Selbst der langjährige Kapitän der Three Lions, Steven Gerrard, hat keine weiße Weste. Werfen sich solch verdiente Musterprofis zu Boden, erscheint es umso glaubwürdiger. Arsène Wenger erklärte unlängst: „Die englischen Spieler haben schnell gelernt und sind jetzt vielleicht die Meister.“

Er könnte unter anderen Dele Alli, 22, gemeint haben, einen der derzeit besten englischen Fußballer überhaupt, aber auch jener Mann, der seit seinem Premier-League-Debüt 2015 drei Gelbe Karten für „Simulation“ kassiert hat und diese Kategorie anführt.

Ein flächendeckender Videobeweis, wie er bei der WM auch Neymar entlarvt hat, würde helfen. Das zeigen die Zahlen aus der italienischen Serie A, wo seit Einführung der Videoschiedsrichter im Sommer des Vorjahres die Täuschungsmanöver um gleich 35 Prozent zurückgegangen sind.

Auch der eigene Ruf kann zum Verhängnis werden. So geschehen bei der WM. Obwohl selbst ein ausgewiesenes Raubein, neigt Portugals Verteidiger Pepe bei der kleinsten Fremdberührung zur Schauspielerei. Der Spanier Diego Costa hat ihn einfach „weggeräumt“, um ein Tor schießen. Bei jedem anderen Spieler wäre das klare Foul wohl gepfiffen worden, doch irgendwann verlieren Schwalbenkönige wie Pepe eben ihre Glaubwürdigkeit.

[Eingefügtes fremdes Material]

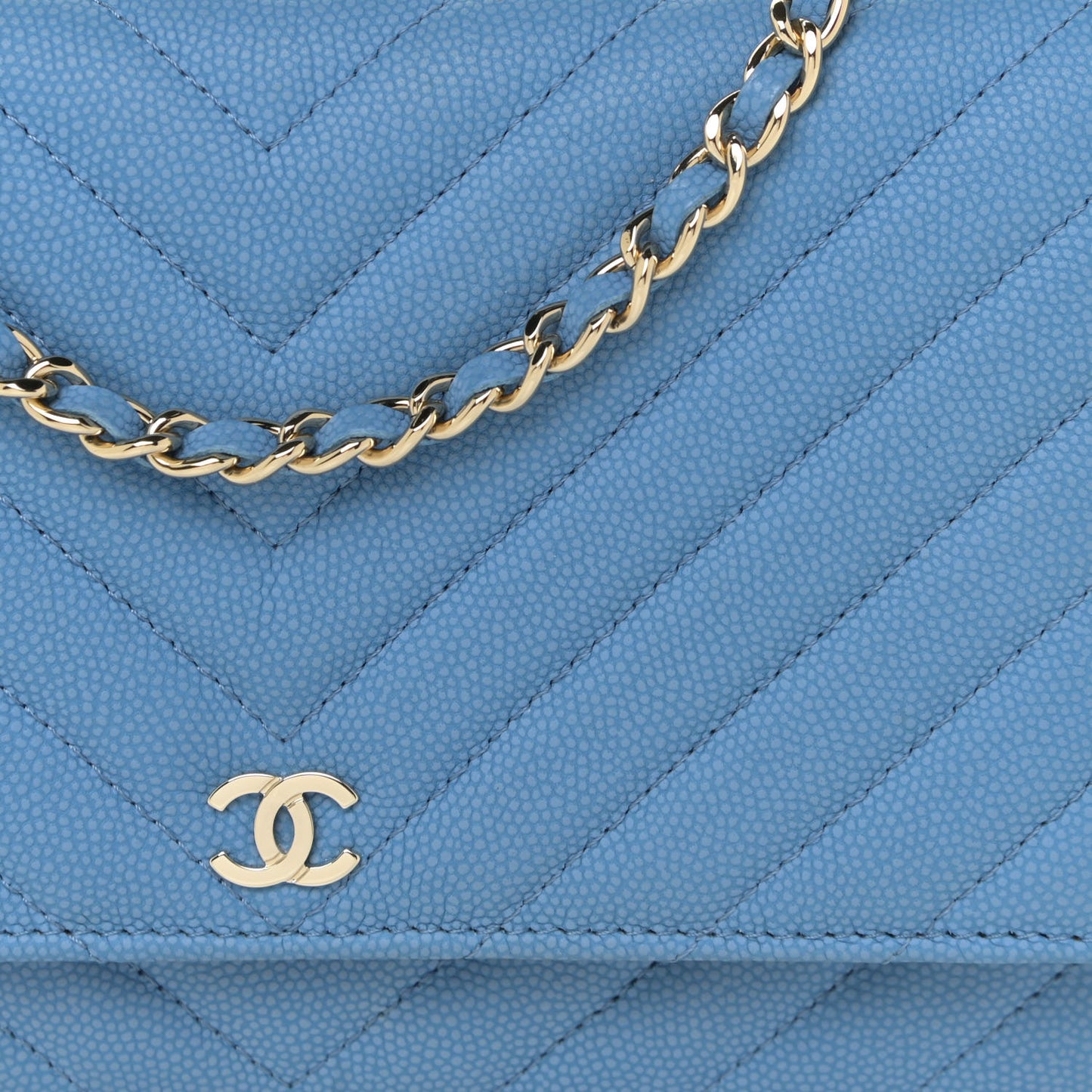 Caviar Flat Chevron Quilted Wallet On Chain WOC Blue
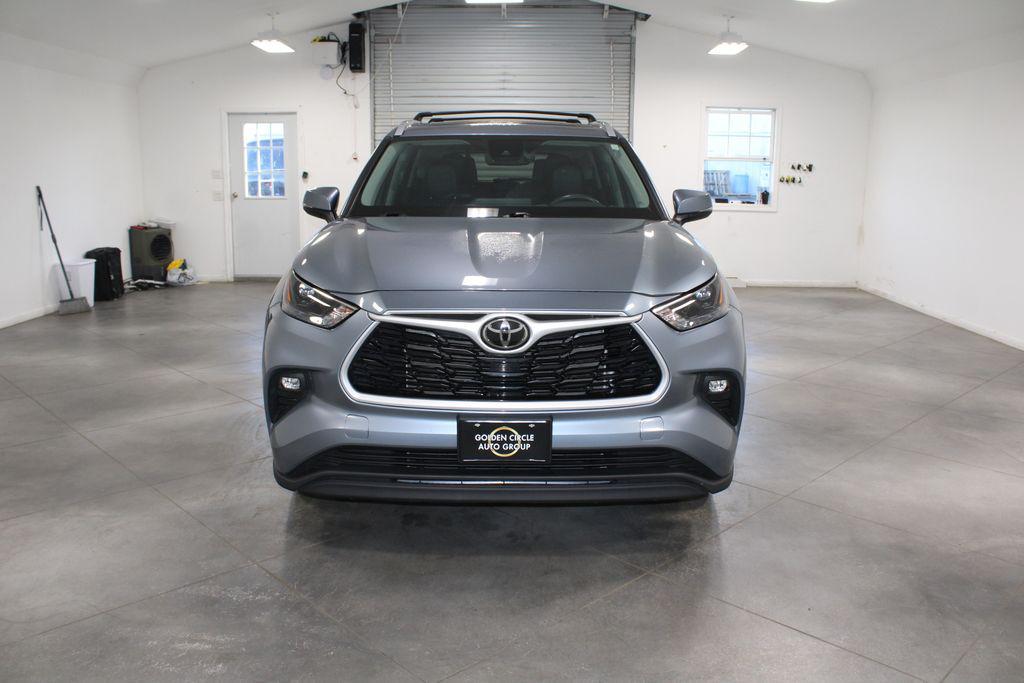 used 2024 Toyota Highlander car, priced at $39,448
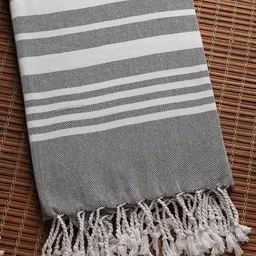 myntra elegant homes Myntra Elegant Home Pure Cotton Striped Cotton 210 GSM Bath Towel-picture-21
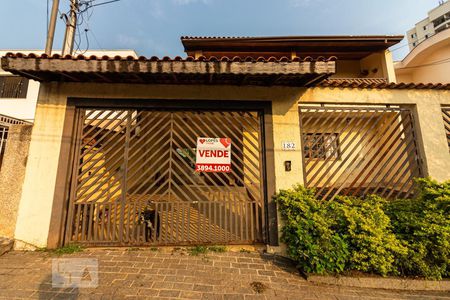 Casa à venda com 286m², 3 quartos e 2 vagasFachada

Aber wie ist das Schwalbenproblem in den Griff zu bekommen, wenn selbst der amtierende Weltfußballer Cristiano Ronaldo gelegentlich in Versuchung gerät? Lösungen in anderen Sportarten zu suchen, erübrigt sich. Die Schwalbe ist eine rein fußballerische Eigenheit. Kein Handballer, kein Eishockeyspieler oder Footballer würde je auf die Idee kommen, die eigene körperliche Schwäche vorzutäuschen. Übrigens, auch Fußballerinnen nicht.